๑۩۞۩๑ Kitap Dünyası - İlim Dünyası Kütüphanesi ๑۩۞۩๑ => Siret Ansiklopedisi => Konuyu başlatan: Vatan Var Olsun ! üzerinde 22 Haziran 2012, 18:13:15



Konu Başlığı: Ekonomik Problemlerin Çözümleri
Gönderen: Vatan Var Olsun ! üzerinde 22 Haziran 2012, 18:13:15
EKONOMİK PROBLEMLERİMİZİN İSLAMÎ ÇÖZÜMLERİ

Günümüzde, sürdürdüğümüz hayatın merkezi­ni iktisadî meseleler oluşturmaktadır. Öyle ki, önceki dönemlerin hiçbirinde bu konu bugünkü kadar "öne çıkmamış" veya önem kazan­mamıştır. "Öne çıkmak" tâbirini kullandık; çünkü gerçekten iktisat, insan hayatının her döneminde, her toplum ve ülkede büyük öneme sahip olmuştur. Ancak, bugün bu ilgi yeni bir ekonomi bilimi oluşturulmasına varan bir sap­lantıya dönüşmüştür. Ekonomi ile ilgili yüzlerce kitap üretilmekte, gerisinde şatafatlı bir ter­minoloji ve büyük organizasyonlar bulunmak­tadır. Bütün bunların yanısıra üretim, dağıtım ve hayatın ihtiyaçlarının giderilmesi konusunda yeni güçlükler ortaya çıkmıştır.

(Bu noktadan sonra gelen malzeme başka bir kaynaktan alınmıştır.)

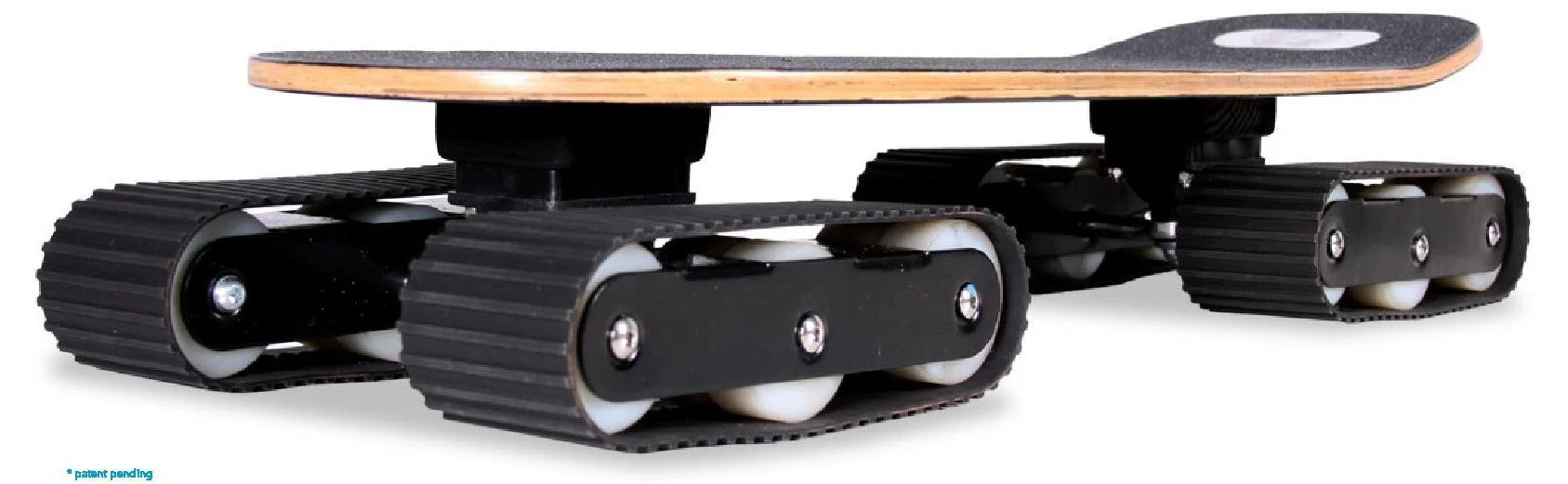 Beneath the deck are four heavy duty triple-wheel sets (with 36 wheels in total), around each of which runs a rubber tread for good traction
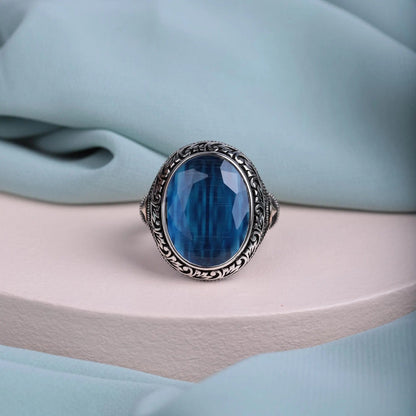 Silver Onyx Stone Ring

Bunun bir sonucu olarak, ekonomik meseleler üzerindeki tartışma ve bilimsel araştırmalar büyük yaygınlık kazanırken insanlığın diğer bütün sorunları önemini yitirmiş gibi gözükmektedir. İşin en ilginç yönü ise, bütün dünyanın dikkatleri bu mesele üzerinde yoğun­laştıkça yakın bir çözüm gerçekleşmeyip mese­lenin daha karmaşık bir hale gelmesidir. Ekono­mi, tam anlamıyla bir muamma halini almıştır. Ekonomi ilminin muğlak terminolojisi, ilim adamlarının ve uzmanların çelişkili yak­laşımları, kılıkırk yaran-yorumları insanları şaşırtmakta ve âdeta bu meseleye hiçbir çözüm ümidinin kalmadığı izlenimini vermektedir; tıpkı doktorundan hastalığının Latince adını du­yup korkan ve hastalığının düzelmesinden ümitsizliğe kapılan hasta gibi. Gerçekte ise me­selelere karmaşık ve muğlak terminolojiden ayrı olarak, yalınlığı içinde bakıldığında, in­sanın ekonomik problemleri rahatlıkla anlaşıla­bilir; benimsenen farklı çözümlerin avantajlı yönleri kolaylıkla incelenebilir ve sözde kördüğüm haldeki meselenin doğru çözümü sıradan insanın kavrayabileceği bir duruma ge­lebilir. Esrarlı ve muğlak bir terminoloji ile örülen bu meselenin karmaşıklığı, insan ha­yatının büyük bir probleminin bütünden ayırdedilmiş olarak ve başlıbaşma bir mesele imiş gibi sunulmasıdır. Bu tutum öylesine kök saldı ki; ekonomi, insan hayatındaki tek problem olarak takdime başlandı: Bu daha büyük bir yanlıştır ve çözüm bulmayı daha da zorlaştırmaktadır. Aynı zamanda bilim-dışı bir tutumdur. Bir benzetme ile bakarsak; ekonomi uzmanlarının genelde olaya yaklaşımı, bir doktorun ciğerinden ra­hatsız olan hastasını, vücudunun bütünlü­ğünden bağımsız olarak sadece o organı düşünerek ele almasına benzemekte­dir; sonra ciğeri incelemeye kendisini öyle kaptırmıştır ki, bütün beden çerçevesi ve beden sistemi ona sadece ciğer olarak gözükmektedir. Bütün meselelerde bu tür yaklaşımların yanlışlığı ortadadır. Aynı şekilde, insan sadece ekonomik bir varlıkmışcasına, ekonomi, ha­yatın bütün meselelerinden ayrılır ve bütün me­selelerin çözümünde her derde deva olarak ele alınırsa, insanın ruhî ve manevî yönleri ekono­mi yanında bir gerçeklik ifade etmezse sonuçta karşımıza bir kaos ve karışıklık çıkmasına şaşırmamalıyız.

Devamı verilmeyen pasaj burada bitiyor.